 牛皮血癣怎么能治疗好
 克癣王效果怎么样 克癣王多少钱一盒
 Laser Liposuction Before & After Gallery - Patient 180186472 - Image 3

---

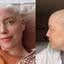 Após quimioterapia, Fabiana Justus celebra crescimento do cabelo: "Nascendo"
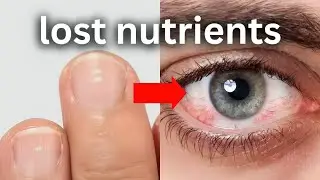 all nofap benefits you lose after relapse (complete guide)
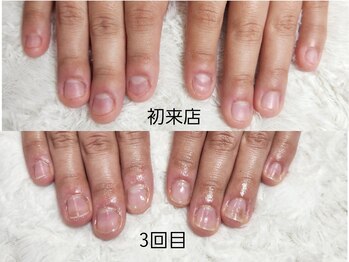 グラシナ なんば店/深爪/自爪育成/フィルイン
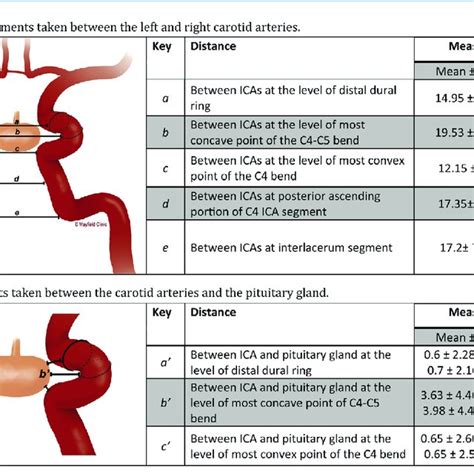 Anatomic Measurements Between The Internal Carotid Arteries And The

**ASSIGNED TASK:** Leave the pictures out, and transcribe exactly the lines above starting at the one that contains "all nofap benefits" and ending at the one that contains "Anatomic Measurements Between".

**YOUR RESPONSE:**
 all nofap benefits you lose after relapse (complete guide)
 グラシナ なんば店/深爪/自爪育成/フィルイン
 Anatomic Measurements Between The Internal Carotid Arteries And The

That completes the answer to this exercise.